Scraped caption text data:
_ _ _

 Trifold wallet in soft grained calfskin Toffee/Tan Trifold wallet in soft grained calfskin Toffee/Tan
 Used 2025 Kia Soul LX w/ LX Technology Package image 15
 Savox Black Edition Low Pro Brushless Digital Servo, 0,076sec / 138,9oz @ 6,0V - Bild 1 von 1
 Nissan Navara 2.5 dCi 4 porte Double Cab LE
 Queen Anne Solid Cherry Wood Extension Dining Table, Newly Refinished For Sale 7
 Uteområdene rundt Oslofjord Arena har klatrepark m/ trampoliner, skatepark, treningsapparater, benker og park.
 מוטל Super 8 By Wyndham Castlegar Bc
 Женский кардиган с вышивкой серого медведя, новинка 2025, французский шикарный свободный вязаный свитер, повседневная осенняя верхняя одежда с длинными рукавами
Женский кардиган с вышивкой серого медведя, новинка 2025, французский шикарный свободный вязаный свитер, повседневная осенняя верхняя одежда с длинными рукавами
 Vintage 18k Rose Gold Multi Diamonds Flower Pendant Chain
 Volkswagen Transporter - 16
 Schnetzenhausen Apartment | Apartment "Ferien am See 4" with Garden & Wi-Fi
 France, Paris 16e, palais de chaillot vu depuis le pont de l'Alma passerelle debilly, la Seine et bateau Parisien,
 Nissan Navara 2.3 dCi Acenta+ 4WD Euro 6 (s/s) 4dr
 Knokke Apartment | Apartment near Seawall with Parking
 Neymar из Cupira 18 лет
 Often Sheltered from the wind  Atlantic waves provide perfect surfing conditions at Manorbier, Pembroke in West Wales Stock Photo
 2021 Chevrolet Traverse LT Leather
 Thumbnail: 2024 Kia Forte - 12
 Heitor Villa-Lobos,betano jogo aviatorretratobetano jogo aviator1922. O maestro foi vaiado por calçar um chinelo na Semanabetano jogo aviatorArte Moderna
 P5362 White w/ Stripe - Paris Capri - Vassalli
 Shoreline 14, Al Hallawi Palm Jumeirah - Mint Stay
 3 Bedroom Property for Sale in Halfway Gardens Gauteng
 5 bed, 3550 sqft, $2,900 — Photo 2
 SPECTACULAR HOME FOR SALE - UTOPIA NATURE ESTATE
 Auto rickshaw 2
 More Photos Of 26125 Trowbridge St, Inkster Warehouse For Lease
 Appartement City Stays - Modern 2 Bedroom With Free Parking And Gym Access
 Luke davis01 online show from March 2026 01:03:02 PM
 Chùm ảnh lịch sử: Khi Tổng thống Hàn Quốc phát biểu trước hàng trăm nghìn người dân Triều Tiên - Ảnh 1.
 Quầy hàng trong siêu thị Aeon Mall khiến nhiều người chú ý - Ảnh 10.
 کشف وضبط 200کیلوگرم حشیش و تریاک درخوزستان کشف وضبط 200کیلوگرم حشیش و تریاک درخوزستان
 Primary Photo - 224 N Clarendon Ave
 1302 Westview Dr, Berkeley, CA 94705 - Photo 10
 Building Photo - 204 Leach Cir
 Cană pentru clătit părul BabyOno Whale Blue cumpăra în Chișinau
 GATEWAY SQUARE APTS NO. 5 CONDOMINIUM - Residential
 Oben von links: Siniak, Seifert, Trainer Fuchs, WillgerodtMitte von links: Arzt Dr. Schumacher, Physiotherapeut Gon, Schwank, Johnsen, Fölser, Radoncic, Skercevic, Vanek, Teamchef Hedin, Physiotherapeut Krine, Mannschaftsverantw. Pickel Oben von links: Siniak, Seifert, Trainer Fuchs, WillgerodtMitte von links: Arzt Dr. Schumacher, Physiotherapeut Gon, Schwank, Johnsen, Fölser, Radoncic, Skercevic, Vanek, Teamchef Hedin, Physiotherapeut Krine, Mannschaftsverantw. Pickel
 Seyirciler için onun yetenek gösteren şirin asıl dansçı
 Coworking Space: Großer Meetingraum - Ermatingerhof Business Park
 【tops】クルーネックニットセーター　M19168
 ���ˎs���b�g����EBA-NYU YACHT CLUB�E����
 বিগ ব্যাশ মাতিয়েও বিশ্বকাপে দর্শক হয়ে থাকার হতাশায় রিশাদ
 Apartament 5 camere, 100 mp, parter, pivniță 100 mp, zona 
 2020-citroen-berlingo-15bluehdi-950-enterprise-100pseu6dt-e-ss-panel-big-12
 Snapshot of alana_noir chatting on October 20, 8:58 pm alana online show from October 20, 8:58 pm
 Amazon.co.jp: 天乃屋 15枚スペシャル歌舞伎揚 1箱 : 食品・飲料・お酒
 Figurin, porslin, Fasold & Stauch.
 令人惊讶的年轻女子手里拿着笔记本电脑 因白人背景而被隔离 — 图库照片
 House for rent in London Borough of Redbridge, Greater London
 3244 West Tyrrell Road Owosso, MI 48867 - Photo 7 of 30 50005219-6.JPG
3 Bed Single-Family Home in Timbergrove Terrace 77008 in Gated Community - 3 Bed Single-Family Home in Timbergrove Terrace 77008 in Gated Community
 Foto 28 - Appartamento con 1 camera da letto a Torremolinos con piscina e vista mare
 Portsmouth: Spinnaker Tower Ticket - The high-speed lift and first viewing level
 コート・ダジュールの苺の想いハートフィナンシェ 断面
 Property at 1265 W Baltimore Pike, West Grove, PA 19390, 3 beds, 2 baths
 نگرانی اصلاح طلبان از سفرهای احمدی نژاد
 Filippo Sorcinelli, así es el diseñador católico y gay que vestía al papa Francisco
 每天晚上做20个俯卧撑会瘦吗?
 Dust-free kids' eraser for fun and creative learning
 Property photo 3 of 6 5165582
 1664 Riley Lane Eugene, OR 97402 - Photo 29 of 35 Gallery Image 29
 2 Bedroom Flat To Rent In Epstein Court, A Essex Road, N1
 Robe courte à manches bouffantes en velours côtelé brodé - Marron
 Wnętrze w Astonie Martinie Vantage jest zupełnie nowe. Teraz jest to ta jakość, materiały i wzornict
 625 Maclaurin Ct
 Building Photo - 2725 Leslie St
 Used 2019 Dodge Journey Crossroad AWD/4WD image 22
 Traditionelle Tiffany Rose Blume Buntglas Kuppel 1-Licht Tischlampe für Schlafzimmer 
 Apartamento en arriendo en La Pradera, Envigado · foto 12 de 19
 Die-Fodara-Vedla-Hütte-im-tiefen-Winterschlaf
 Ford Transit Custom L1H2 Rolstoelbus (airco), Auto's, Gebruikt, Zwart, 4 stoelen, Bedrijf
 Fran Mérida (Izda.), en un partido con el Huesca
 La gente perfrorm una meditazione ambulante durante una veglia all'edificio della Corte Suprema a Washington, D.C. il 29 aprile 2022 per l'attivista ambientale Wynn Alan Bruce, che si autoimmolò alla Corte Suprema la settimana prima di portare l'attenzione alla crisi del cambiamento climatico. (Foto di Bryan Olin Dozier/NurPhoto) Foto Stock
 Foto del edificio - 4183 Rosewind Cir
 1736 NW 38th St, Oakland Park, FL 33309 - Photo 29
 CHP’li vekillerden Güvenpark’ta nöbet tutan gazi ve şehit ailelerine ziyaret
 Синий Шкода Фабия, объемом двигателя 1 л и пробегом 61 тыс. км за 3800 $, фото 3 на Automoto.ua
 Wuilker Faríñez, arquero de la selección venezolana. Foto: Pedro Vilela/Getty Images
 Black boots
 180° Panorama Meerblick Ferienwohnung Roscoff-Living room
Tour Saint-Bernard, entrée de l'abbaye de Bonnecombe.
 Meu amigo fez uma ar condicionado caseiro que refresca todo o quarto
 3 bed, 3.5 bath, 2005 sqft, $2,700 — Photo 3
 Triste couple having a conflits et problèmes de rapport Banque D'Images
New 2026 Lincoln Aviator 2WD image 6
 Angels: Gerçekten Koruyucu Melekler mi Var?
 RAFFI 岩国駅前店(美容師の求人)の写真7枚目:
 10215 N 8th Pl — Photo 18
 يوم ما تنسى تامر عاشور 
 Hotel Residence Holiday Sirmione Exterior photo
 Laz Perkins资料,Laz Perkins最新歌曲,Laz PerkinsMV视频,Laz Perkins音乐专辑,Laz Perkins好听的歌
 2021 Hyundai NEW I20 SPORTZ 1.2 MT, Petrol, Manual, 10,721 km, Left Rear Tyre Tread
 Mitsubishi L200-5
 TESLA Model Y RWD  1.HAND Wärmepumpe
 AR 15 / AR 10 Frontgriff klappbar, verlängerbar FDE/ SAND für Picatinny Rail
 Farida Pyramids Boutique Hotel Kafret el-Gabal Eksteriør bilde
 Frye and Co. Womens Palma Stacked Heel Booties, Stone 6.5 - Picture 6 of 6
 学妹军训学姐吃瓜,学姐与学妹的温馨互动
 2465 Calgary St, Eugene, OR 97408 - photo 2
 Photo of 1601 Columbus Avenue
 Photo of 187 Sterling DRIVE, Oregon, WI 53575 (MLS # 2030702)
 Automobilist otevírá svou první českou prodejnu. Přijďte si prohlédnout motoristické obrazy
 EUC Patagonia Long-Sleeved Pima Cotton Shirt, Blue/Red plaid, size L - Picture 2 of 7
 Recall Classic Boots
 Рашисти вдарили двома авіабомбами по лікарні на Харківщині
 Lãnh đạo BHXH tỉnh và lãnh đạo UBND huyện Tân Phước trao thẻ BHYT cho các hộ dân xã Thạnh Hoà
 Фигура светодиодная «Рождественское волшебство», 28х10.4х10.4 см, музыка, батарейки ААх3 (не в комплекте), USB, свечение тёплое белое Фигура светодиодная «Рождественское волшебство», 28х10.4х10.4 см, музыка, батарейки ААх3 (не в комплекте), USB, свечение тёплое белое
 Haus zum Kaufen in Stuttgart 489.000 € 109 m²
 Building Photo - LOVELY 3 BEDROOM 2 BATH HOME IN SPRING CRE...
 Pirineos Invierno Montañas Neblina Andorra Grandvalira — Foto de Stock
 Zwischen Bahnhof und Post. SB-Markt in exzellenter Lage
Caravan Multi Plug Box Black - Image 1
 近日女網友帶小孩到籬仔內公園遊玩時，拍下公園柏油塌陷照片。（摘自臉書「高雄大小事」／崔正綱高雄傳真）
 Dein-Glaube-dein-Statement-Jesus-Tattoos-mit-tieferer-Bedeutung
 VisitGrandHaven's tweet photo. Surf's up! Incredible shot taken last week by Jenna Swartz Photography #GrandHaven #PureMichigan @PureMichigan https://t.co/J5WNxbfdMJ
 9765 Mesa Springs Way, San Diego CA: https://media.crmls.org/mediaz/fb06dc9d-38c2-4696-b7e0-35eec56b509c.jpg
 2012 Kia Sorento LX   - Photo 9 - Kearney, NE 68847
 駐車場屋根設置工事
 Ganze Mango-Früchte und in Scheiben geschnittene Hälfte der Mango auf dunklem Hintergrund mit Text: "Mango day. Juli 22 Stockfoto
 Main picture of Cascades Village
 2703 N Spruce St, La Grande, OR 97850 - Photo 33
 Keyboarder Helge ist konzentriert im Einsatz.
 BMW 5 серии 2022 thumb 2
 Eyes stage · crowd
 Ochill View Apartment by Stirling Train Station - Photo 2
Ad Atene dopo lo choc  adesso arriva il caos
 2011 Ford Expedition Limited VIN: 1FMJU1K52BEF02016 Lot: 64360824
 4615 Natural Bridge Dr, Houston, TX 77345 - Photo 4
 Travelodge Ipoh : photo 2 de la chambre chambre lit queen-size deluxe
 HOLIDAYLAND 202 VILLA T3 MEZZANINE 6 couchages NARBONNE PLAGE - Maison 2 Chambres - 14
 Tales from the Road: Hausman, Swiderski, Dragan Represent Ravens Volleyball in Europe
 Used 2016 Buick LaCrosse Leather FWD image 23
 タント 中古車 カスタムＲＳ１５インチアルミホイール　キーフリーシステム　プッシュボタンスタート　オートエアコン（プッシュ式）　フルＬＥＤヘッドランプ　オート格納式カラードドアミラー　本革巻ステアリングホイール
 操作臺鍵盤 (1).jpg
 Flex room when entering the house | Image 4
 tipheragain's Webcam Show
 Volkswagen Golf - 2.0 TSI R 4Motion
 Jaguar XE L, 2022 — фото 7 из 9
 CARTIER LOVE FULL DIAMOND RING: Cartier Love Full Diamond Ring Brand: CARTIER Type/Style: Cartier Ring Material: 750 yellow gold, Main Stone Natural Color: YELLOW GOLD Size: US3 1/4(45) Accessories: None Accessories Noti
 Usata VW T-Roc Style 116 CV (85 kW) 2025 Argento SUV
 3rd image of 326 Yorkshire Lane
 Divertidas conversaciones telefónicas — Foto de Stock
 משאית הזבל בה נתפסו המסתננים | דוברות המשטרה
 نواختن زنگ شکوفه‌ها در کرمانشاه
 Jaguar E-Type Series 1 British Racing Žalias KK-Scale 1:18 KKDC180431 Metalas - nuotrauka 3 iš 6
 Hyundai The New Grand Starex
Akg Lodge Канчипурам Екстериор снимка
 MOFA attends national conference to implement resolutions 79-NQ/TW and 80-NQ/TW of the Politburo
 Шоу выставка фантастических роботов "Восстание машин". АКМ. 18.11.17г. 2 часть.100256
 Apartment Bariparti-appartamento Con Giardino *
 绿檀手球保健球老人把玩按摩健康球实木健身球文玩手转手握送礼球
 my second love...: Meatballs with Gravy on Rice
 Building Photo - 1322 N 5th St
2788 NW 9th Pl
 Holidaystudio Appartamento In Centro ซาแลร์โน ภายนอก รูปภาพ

_ _ _

WHAT THE EXERCISE ASKS: The response must consist solely of the lines from the top of the records through the line holding "3 Bedroom Property", copied word for word.

EXERCISE RESPONSE:
 Trifold wallet in soft grained calfskin Toffee/Tan Trifold wallet in soft grained calfskin Toffee/Tan
 Used 2025 Kia Soul LX w/ LX Technology Package image 15
 Savox Black Edition Low Pro Brushless Digital Servo, 0,076sec / 138,9oz @ 6,0V - Bild 1 von 1
 Nissan Navara 2.5 dCi 4 porte Double Cab LE
 Queen Anne Solid Cherry Wood Extension Dining Table, Newly Refinished For Sale 7
 Uteområdene rundt Oslofjord Arena har klatrepark m/ trampoliner, skatepark, treningsapparater, benker og park.
 מוטל Super 8 By Wyndham Castlegar Bc
 Женский кардиган с вышивкой серого медведя, новинка 2025, французский шикарный свободный вязаный свитер, повседневная осенняя верхняя одежда с длинными рукавами
Женский кардиган с вышивкой серого медведя, новинка 2025, французский шикарный свободный вязаный свитер, повседневная осенняя верхняя одежда с длинными рукавами
 Vintage 18k Rose Gold Multi Diamonds Flower Pendant Chain
 Volkswagen Transporter - 16
 Schnetzenhausen Apartment | Apartment "Ferien am See 4" with Garden & Wi-Fi
 France, Paris 16e, palais de chaillot vu depuis le pont de l'Alma passerelle debilly, la Seine et bateau Parisien,
 Nissan Navara 2.3 dCi Acenta+ 4WD Euro 6 (s/s) 4dr
 Knokke Apartment | Apartment near Seawall with Parking
 Neymar из Cupira 18 лет
 Often Sheltered from the wind  Atlantic waves provide perfect surfing conditions at Manorbier, Pembroke in West Wales Stock Photo
 2021 Chevrolet Traverse LT Leather
 Thumbnail: 2024 Kia Forte - 12
 Heitor Villa-Lobos,betano jogo aviatorretratobetano jogo aviator1922. O maestro foi vaiado por calçar um chinelo na Semanabetano jogo aviatorArte Moderna
 P5362 White w/ Stripe - Paris Capri - Vassalli
 Shoreline 14, Al Hallawi Palm Jumeirah - Mint Stay
 3 Bedroom Property for Sale in Halfway Gardens Gauteng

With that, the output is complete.